Identify the line with "Let's go to channels"; copy word for word that line and every one after it, to the end of the listing. Exclude pictures.
** Opening MATERIAL PROVIDED block **
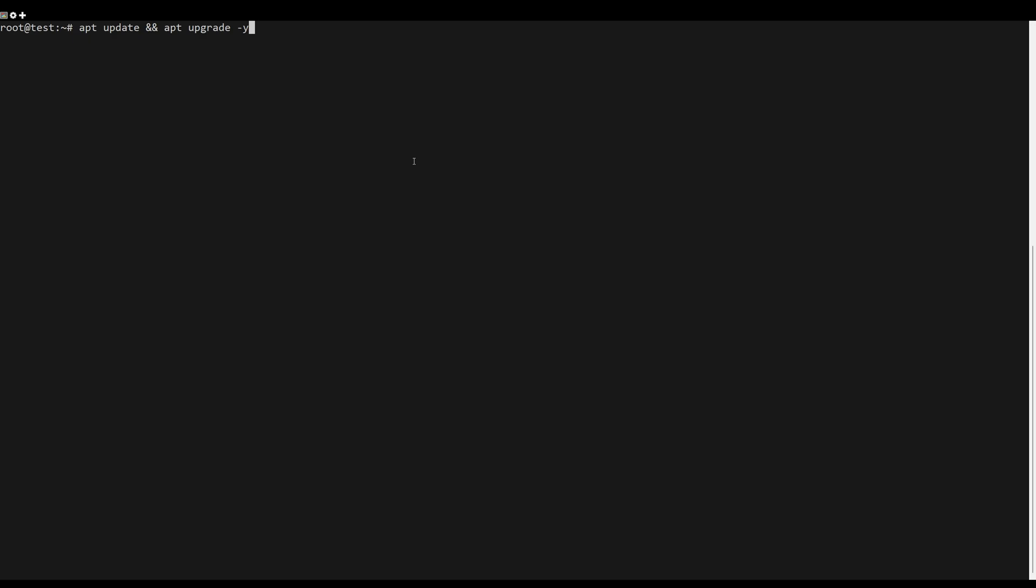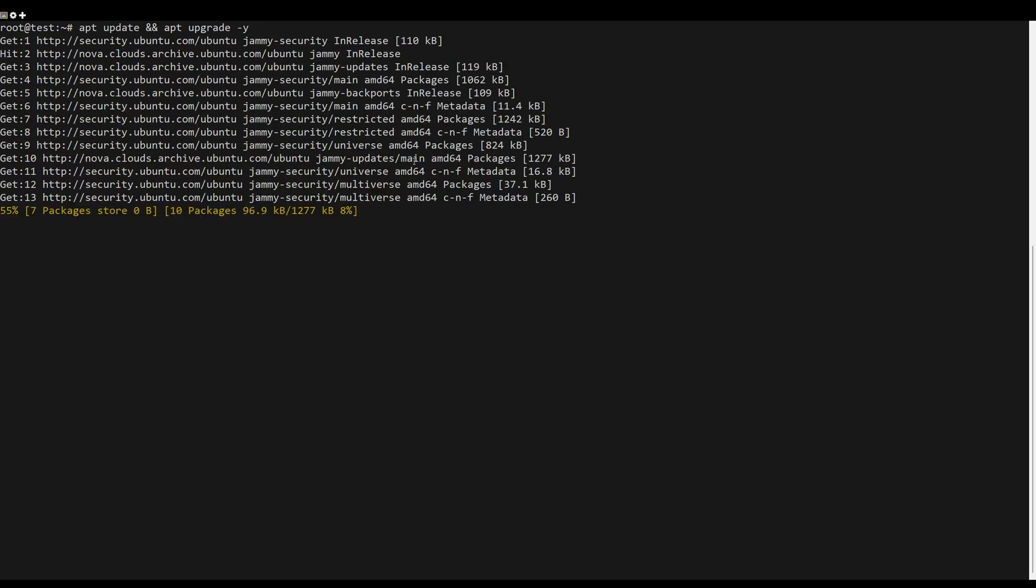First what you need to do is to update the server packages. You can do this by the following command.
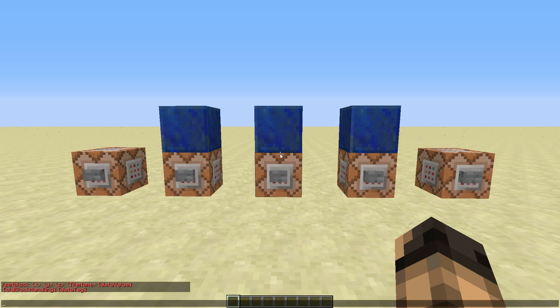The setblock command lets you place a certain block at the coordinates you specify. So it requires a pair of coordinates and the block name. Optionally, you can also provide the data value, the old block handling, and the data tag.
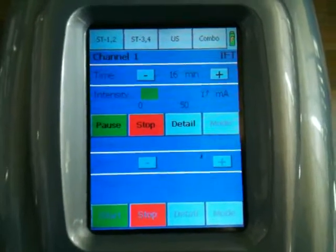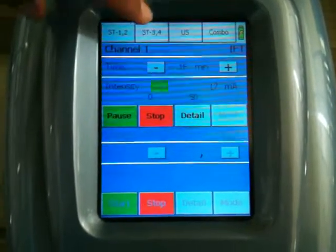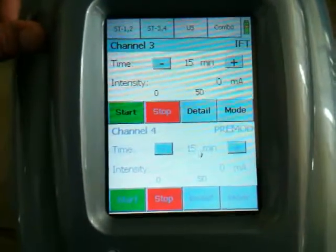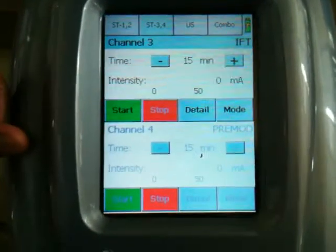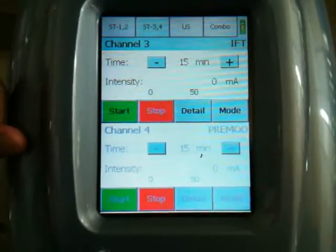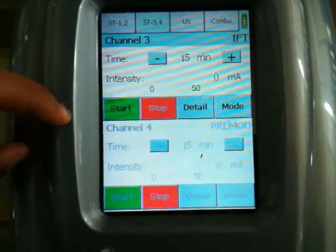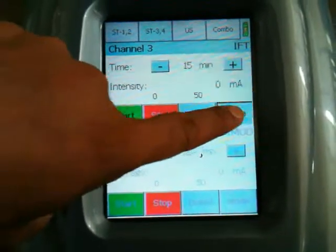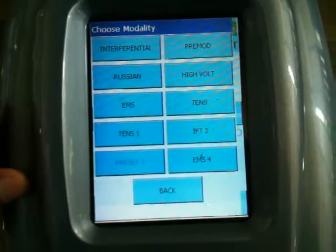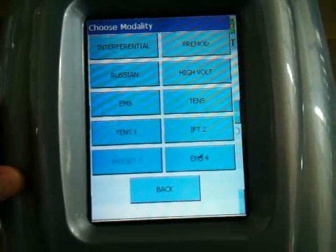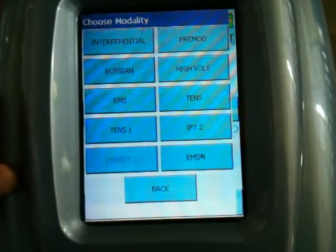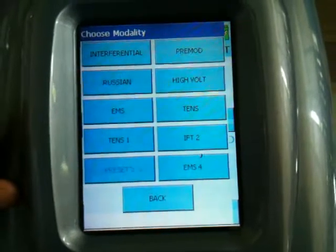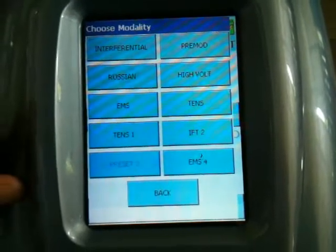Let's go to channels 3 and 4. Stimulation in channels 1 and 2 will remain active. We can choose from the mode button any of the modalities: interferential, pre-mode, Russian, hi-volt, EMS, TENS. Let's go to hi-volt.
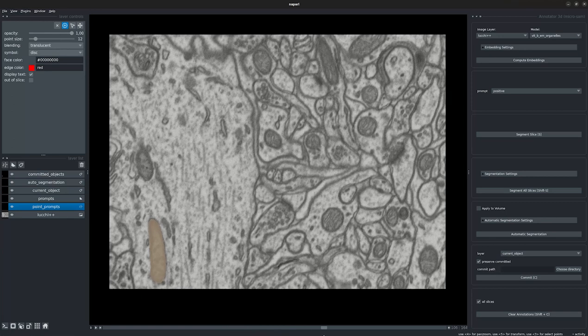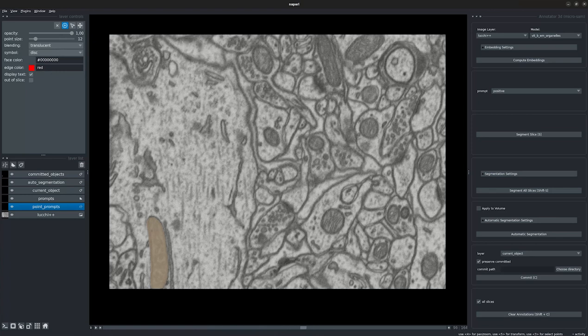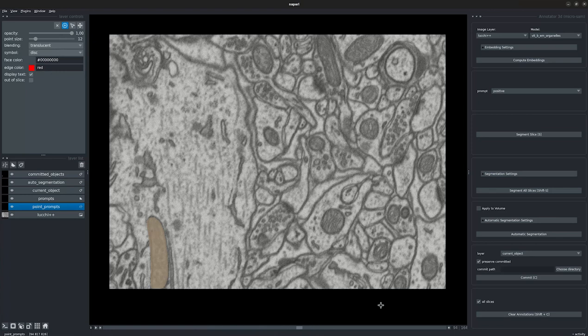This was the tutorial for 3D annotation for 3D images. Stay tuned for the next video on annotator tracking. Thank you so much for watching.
** Closing MATERIAL PROVIDED block **
• RESULT FOR THIS EXERCISE
Let's go to channels 3 and 4. Stimulation in channels 1 and 2 will remain active. We can choose from the mode button any of the modalities: interferential, pre-mode, Russian, hi-volt, EMS, TENS. Let's go to hi-volt.
This was the tutorial for 3D annotation for 3D images. Stay tuned for the next video on annotator tracking. Thank you so much for watching.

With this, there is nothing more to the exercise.